There are a lot of things to think about, I am sure. `I might have a package that only runs in a particular programming environment, like only on MSWindows or only with a particular compiler, so automating testing could be particularly problematic.
It is probably reasonable to make it difficult to remove packages so they can be relied on; so it would be useful for fpm(1) to be able to report when a package is deprecated. So if I find a bug in a package and put out a new release there would be some automated way `that someone using the package get a warning when using the package. That would be useful for fpm in general. If once released a package is immutable that that would be difficult to have a method that worked both for for a repository and for general user packages, for example.

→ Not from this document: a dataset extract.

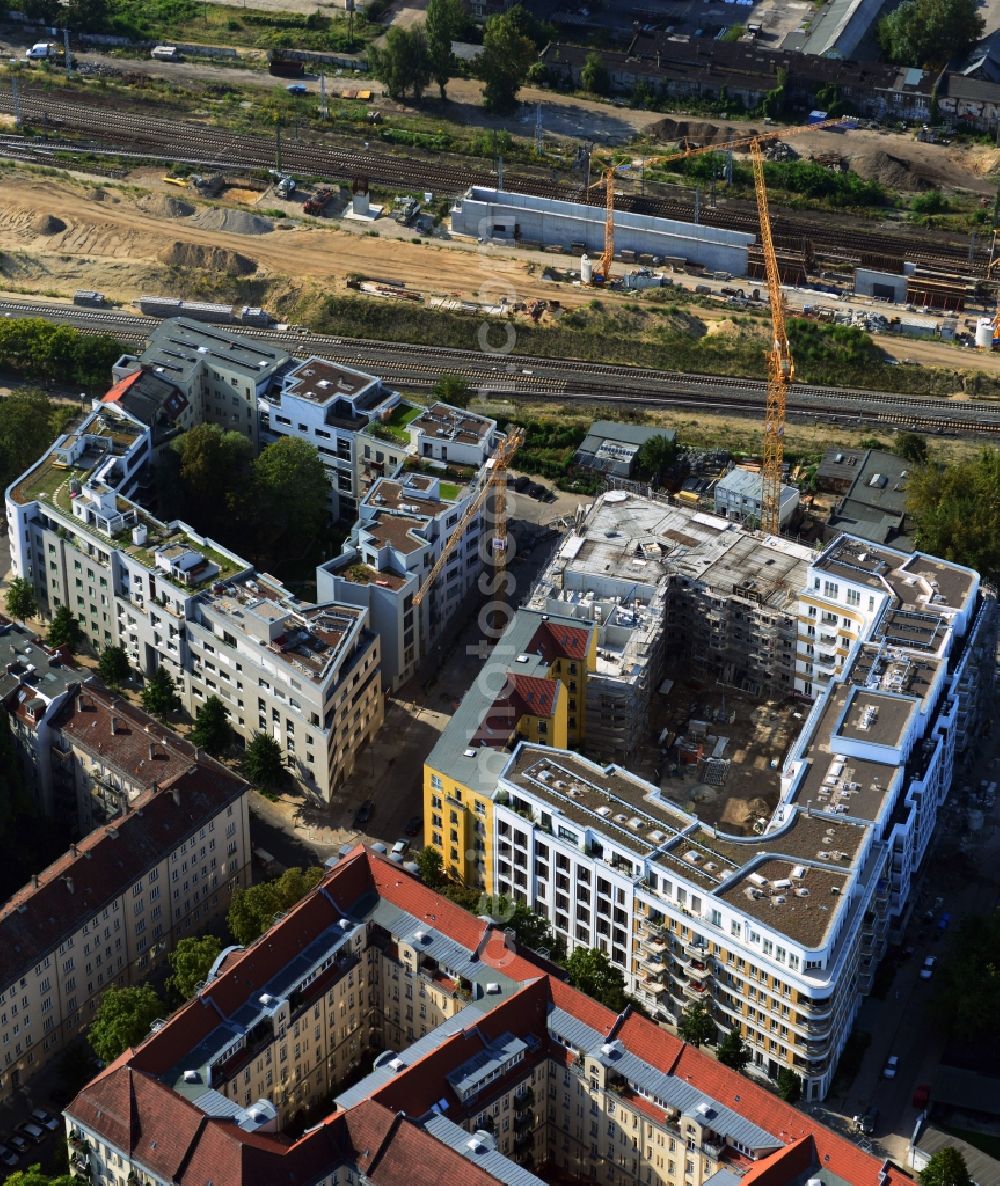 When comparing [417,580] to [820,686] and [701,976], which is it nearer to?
Result: [820,686]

If the repository is limited to 4.5 Megabytes it often could not include test data, extensive documentation, etc. But if not self-contained if the original package is removed or changed then that type of information will be lost.

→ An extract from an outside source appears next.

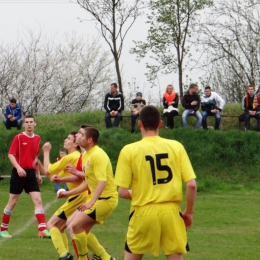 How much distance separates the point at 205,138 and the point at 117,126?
10.3 ft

Limiting dependencies to the same registry seems problematic. If I want to use a graphics package, a unit testing framework, a linear algebra routine that is registered but not find in the same registry I could not use it as a dependency and still register the package? It seems like that would be very limiting, or require me to make copies (assuming the license allows it) of any package I wanted to use.
For fpm(1) packages I just have the same CD/CI script for everything, one file per environment I found or made on github; and they all just call “fpm test”. Packages that need infrastructure (ie. maybe the fpm(1) package is a wrapper for sqlite3, a graphics library, or any C/C++ library …) gets particularly complicated. A self-contained Fortran or C/C++ package is easy by comparison.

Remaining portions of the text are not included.